Another Amazon Outage Exposes the Cloud's Dark Liningby
It was likely another eventful weekend for the engineers in Amazon’s Web services division. On Sunday afternoon, a hardware failure at Amazon’s U.S.-East data center in North Virginia led to spiraling problems at a host of well-trafficked online services, including Instagram, Vine, AirBnB, and the popular mobile magazine app Flipboard.
Amazon blamed the outage on glitches with a single networking device—what it called a “‘grey’ partial failure” that resulted in data loss—and said it was conducting a forensic analysis. The entire incident lasted all of 49 minutes, but like many recent cloud service outages, the resulting questions are likely to last considerably longer. Why are so many prominent Web companies overly dependent on a single cloud provider—and a single data center?
Amazon and other cloud providers preach the virtues of geographical redundancy: They say customers should spread out their services among multiple data centers, so if one goes down, another can pick up the slack. Sunday’s outage, like so many other recent cloud service snafus, demonstrates that few cloud customers are properly following this orthodoxy and that true redundancy may be much more complicated than it sounds.
Amazon engineer James Hamilton once examined this issue. “Inside a single facility, there are simply too many ways to shoot one’s own foot,” he wrote on his personal blog.

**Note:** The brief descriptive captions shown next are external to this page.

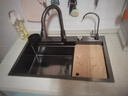 摩恩阳光系列厨房水槽大单槽洗菜盆一体盆304不锈钢台上中下家用洗碗水池 四孔集渣黑色水槽-圆形抽拉顶配 75*46CM 实拍图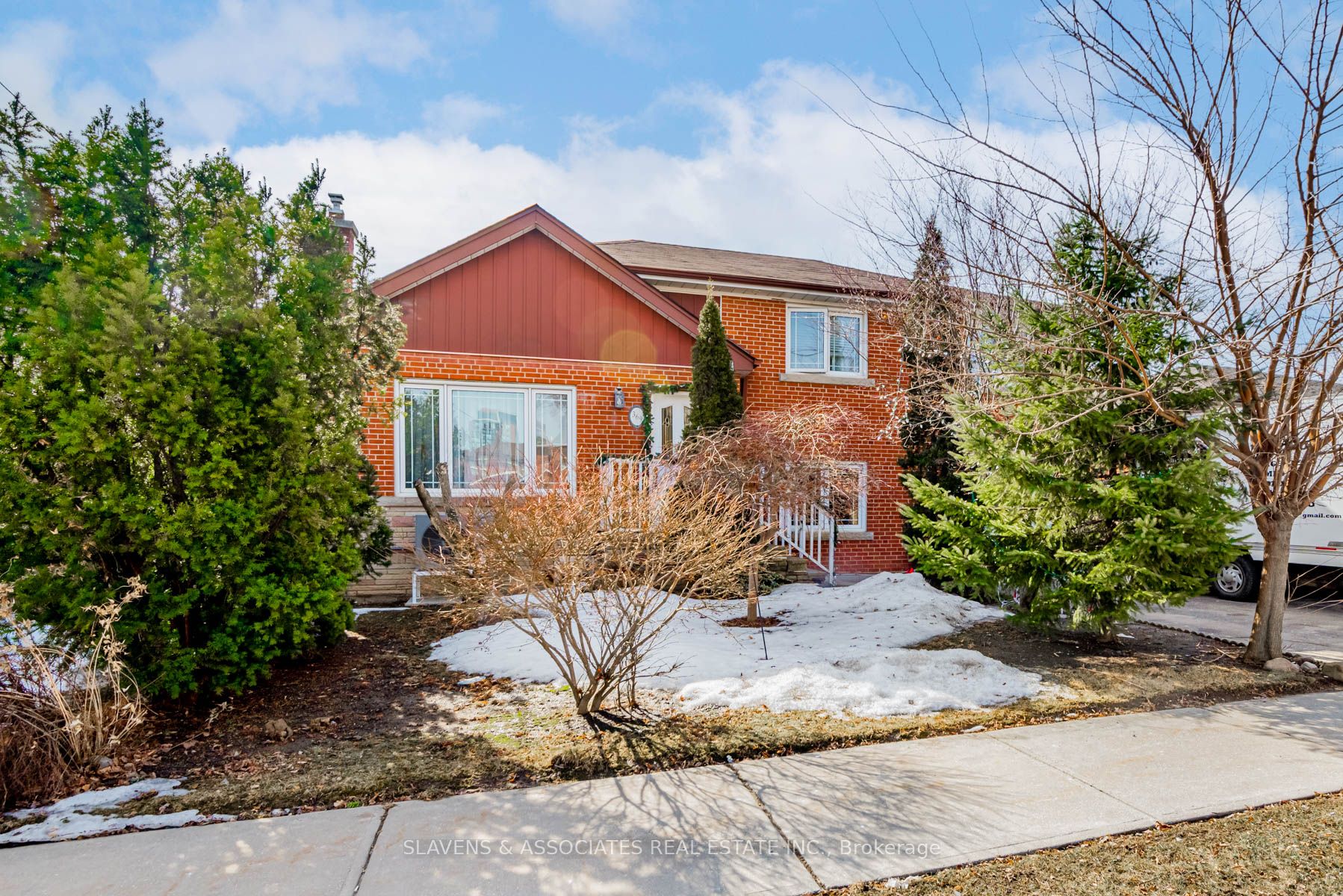 #main - 369 Glen Park Avenue Property Photo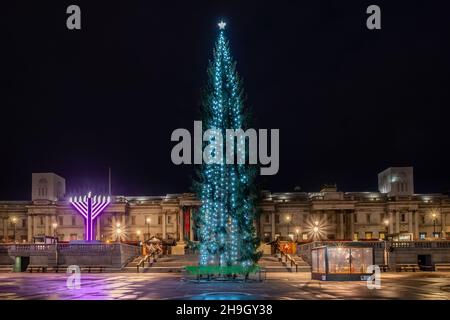 Trafalgar Square Christmas Tree e luci con scena Manger, Nelson's Column, London si illumina verso Whitehall Foto Stock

While he’s a redundancy advocate, Hamilton also conceded that “with incredible redundancy, comes incredible cost.” Companies fear that employing backup data centers will drive up their expenses and exacerbate latency—the lag time a customer might experience when using their websites or apps.
Another problem is that it’s currently too difficult for companies that use cloud services to hedge their bets across multiple providers. Ideally a company might want to buy infrastructure services from one firm but use others as backups. The major cloud providers don’t eagerly support this kind of interoperability, as one might imagine. OpenStack, an open-source project that can plug into the services of Amazon, Google, and others, has been created to make this easier. But it’s still early for such projects, and corporate customers have yet to coalesce around it.
The biggest surprise from Sunday’s outage may be who was affected. Instagram is now owned by Facebook, which has invested considerable resources to create its own global data network. Vine is owned by Twitter, which has similarly earned its own hard-won infrastructure expertise. Likely both have some degree of redundancy, but it clearly wasn’t enough. And apparently Facebook and Twitter have yet to bring their recent acquisitions onto their own computing networks. After Sunday, they may seek to hasten that move.